START DATASET EXCERPTS
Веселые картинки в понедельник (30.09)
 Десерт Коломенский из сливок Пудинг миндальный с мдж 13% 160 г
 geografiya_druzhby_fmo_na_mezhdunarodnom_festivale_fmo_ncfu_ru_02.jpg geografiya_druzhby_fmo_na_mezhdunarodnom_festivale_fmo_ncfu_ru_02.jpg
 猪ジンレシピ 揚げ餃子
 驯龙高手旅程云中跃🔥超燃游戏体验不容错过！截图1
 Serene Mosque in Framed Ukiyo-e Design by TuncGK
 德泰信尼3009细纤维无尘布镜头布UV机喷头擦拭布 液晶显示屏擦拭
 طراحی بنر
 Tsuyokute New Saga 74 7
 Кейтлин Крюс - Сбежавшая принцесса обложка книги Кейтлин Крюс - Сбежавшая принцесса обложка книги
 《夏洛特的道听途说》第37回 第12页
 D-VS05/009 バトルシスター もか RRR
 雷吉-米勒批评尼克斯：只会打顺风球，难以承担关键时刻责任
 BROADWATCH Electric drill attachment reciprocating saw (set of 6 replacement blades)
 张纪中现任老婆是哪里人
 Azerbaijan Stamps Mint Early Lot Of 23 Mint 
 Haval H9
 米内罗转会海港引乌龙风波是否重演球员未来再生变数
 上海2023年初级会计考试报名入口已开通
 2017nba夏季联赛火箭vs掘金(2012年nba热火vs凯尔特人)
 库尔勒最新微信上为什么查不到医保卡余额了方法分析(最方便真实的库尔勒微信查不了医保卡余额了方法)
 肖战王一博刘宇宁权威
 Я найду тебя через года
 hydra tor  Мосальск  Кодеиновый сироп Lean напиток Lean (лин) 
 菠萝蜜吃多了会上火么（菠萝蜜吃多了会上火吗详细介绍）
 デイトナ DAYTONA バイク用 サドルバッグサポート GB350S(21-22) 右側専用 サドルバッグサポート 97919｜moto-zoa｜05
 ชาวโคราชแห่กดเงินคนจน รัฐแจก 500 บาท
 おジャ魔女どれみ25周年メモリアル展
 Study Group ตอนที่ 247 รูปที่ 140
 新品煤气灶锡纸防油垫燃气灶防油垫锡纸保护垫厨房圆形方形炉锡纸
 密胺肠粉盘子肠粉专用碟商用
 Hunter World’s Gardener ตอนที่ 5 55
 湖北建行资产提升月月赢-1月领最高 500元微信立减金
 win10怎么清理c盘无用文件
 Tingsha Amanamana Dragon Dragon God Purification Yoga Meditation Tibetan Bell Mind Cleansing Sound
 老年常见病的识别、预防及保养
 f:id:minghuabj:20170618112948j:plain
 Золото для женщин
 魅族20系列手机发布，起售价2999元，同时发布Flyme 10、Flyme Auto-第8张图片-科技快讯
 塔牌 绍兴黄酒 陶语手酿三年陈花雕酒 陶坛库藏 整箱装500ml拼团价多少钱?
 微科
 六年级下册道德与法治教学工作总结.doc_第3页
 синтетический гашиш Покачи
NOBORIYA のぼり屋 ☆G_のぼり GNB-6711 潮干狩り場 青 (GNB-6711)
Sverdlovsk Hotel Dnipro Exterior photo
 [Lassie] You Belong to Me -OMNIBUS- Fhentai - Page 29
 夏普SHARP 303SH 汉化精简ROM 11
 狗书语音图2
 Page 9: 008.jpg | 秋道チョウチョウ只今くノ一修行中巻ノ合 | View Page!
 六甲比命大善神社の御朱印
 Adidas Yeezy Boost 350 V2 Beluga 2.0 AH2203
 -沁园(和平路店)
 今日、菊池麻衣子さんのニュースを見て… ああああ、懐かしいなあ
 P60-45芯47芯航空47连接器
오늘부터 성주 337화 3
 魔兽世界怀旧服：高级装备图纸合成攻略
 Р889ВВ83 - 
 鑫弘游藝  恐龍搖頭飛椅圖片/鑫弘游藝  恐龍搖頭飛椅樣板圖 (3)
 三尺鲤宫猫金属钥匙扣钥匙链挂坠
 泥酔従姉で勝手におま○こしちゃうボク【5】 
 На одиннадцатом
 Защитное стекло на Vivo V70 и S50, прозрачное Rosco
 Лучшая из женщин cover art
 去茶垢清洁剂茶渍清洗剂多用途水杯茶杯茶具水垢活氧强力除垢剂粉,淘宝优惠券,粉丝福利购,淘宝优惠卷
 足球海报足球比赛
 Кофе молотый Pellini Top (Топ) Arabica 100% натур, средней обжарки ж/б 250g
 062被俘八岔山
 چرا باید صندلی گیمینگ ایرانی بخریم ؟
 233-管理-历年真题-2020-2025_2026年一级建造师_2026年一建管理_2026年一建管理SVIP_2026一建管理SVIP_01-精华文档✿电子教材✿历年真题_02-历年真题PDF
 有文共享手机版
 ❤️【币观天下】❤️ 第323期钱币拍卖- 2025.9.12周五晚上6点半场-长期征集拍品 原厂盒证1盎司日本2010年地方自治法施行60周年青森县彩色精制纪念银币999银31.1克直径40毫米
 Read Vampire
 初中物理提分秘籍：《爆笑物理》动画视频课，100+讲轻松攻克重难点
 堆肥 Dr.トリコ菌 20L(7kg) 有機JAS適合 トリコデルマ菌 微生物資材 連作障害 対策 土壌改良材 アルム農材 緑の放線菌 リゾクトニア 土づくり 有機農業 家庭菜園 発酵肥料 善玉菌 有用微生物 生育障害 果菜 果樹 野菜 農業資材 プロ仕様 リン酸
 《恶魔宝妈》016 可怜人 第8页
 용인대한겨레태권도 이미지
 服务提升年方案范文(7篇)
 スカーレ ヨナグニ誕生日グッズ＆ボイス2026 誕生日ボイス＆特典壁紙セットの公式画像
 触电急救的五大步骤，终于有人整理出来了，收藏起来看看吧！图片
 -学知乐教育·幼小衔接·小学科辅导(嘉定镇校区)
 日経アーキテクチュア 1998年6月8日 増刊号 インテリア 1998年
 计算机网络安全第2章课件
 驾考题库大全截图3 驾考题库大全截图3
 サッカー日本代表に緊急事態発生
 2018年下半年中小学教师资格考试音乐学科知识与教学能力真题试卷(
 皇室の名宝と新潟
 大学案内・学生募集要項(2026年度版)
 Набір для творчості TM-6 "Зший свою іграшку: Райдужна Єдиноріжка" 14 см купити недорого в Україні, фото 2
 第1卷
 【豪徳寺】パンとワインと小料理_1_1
END DATASET EXCERPTS
EXERCISE BRIEF => Could you set down every record exactly as given?

EXPECTED ANSWER =>
Веселые картинки в понедельник (30.09)
 Десерт Коломенский из сливок Пудинг миндальный с мдж 13% 160 г
 geografiya_druzhby_fmo_na_mezhdunarodnom_festivale_fmo_ncfu_ru_02.jpg geografiya_druzhby_fmo_na_mezhdunarodnom_festivale_fmo_ncfu_ru_02.jpg
 猪ジンレシピ 揚げ餃子
 驯龙高手旅程云中跃🔥超燃游戏体验不容错过！截图1
 Serene Mosque in Framed Ukiyo-e Design by TuncGK
 德泰信尼3009细纤维无尘布镜头布UV机喷头擦拭布 液晶显示屏擦拭
 طراحی بنر
 Tsuyokute New Saga 74 7
 Кейтлин Крюс - Сбежавшая принцесса обложка книги Кейтлин Крюс - Сбежавшая принцесса обложка книги
 《夏洛特的道听途说》第37回 第12页
 D-VS05/009 バトルシスター もか RRR
 雷吉-米勒批评尼克斯：只会打顺风球，难以承担关键时刻责任
 BROADWATCH Electric drill attachment reciprocating saw (set of 6 replacement blades)
 张纪中现任老婆是哪里人
 Azerbaijan Stamps Mint Early Lot Of 23 Mint 
 Haval H9
 米内罗转会海港引乌龙风波是否重演球员未来再生变数
 上海2023年初级会计考试报名入口已开通
 2017nba夏季联赛火箭vs掘金(2012年nba热火vs凯尔特人)
 库尔勒最新微信上为什么查不到医保卡余额了方法分析(最方便真实的库尔勒微信查不了医保卡余额了方法)
 肖战王一博刘宇宁权威
 Я найду тебя через года
 hydra tor  Мосальск  Кодеиновый сироп Lean напиток Lean (лин) 
 菠萝蜜吃多了会上火么（菠萝蜜吃多了会上火吗详细介绍）
 デイトナ DAYTONA バイク用 サドルバッグサポート GB350S(21-22) 右側専用 サドルバッグサポート 97919｜moto-zoa｜05
 ชาวโคราชแห่กดเงินคนจน รัฐแจก 500 บาท
 おジャ魔女どれみ25周年メモリアル展
 Study Group ตอนที่ 247 รูปที่ 140
 新品煤气灶锡纸防油垫燃气灶防油垫锡纸保护垫厨房圆形方形炉锡纸
 密胺肠粉盘子肠粉专用碟商用
 Hunter World’s Gardener ตอนที่ 5 55
 湖北建行资产提升月月赢-1月领最高 500元微信立减金
 win10怎么清理c盘无用文件
 Tingsha Amanamana Dragon Dragon God Purification Yoga Meditation Tibetan Bell Mind Cleansing Sound
 老年常见病的识别、预防及保养
 f:id:minghuabj:20170618112948j:plain
 Золото для женщин
 魅族20系列手机发布，起售价2999元，同时发布Flyme 10、Flyme Auto-第8张图片-科技快讯
 塔牌 绍兴黄酒 陶语手酿三年陈花雕酒 陶坛库藏 整箱装500ml拼团价多少钱?
 微科
 六年级下册道德与法治教学工作总结.doc_第3页
 синтетический гашиш Покачи
NOBORIYA のぼり屋 ☆G_のぼり GNB-6711 潮干狩り場 青 (GNB-6711)
Sverdlovsk Hotel Dnipro Exterior photo
 [Lassie] You Belong to Me -OMNIBUS- Fhentai - Page 29
 夏普SHARP 303SH 汉化精简ROM 11
 狗书语音图2
 Page 9: 008.jpg | 秋道チョウチョウ只今くノ一修行中巻ノ合 | View Page!
 六甲比命大善神社の御朱印
 Adidas Yeezy Boost 350 V2 Beluga 2.0 AH2203
 -沁园(和平路店)
 今日、菊池麻衣子さんのニュースを見て… ああああ、懐かしいなあ
 P60-45芯47芯航空47连接器
오늘부터 성주 337화 3
 魔兽世界怀旧服：高级装备图纸合成攻略
 Р889ВВ83 - 
 鑫弘游藝  恐龍搖頭飛椅圖片/鑫弘游藝  恐龍搖頭飛椅樣板圖 (3)
 三尺鲤宫猫金属钥匙扣钥匙链挂坠
 泥酔従姉で勝手におま○こしちゃうボク【5】 
 На одиннадцатом
 Защитное стекло на Vivo V70 и S50, прозрачное Rosco
 Лучшая из женщин cover art
 去茶垢清洁剂茶渍清洗剂多用途水杯茶杯茶具水垢活氧强力除垢剂粉,淘宝优惠券,粉丝福利购,淘宝优惠卷
 足球海报足球比赛
 Кофе молотый Pellini Top (Топ) Arabica 100% натур, средней обжарки ж/б 250g
 062被俘八岔山
 چرا باید صندلی گیمینگ ایرانی بخریم ؟
 233-管理-历年真题-2020-2025_2026年一级建造师_2026年一建管理_2026年一建管理SVIP_2026一建管理SVIP_01-精华文档✿电子教材✿历年真题_02-历年真题PDF
 有文共享手机版
 ❤️【币观天下】❤️ 第323期钱币拍卖- 2025.9.12周五晚上6点半场-长期征集拍品 原厂盒证1盎司日本2010年地方自治法施行60周年青森县彩色精制纪念银币999银31.1克直径40毫米
 Read Vampire
 初中物理提分秘籍：《爆笑物理》动画视频课，100+讲轻松攻克重难点
 堆肥 Dr.トリコ菌 20L(7kg) 有機JAS適合 トリコデルマ菌 微生物資材 連作障害 対策 土壌改良材 アルム農材 緑の放線菌 リゾクトニア 土づくり 有機農業 家庭菜園 発酵肥料 善玉菌 有用微生物 生育障害 果菜 果樹 野菜 農業資材 プロ仕様 リン酸
 《恶魔宝妈》016 可怜人 第8页
 용인대한겨레태권도 이미지
 服务提升年方案范文(7篇)
 スカーレ ヨナグニ誕生日グッズ＆ボイス2026 誕生日ボイス＆特典壁紙セットの公式画像
 触电急救的五大步骤，终于有人整理出来了，收藏起来看看吧！图片
 -学知乐教育·幼小衔接·小学科辅导(嘉定镇校区)
 日経アーキテクチュア 1998年6月8日 増刊号 インテリア 1998年
 计算机网络安全第2章课件
 驾考题库大全截图3 驾考题库大全截图3
 サッカー日本代表に緊急事態発生
 2018年下半年中小学教师资格考试音乐学科知识与教学能力真题试卷(
 皇室の名宝と新潟
 大学案内・学生募集要項(2026年度版)
 Набір для творчості TM-6 "Зший свою іграшку: Райдужна Єдиноріжка" 14 см купити недорого в Україні, фото 2
 第1卷
 【豪徳寺】パンとワインと小料理_1_1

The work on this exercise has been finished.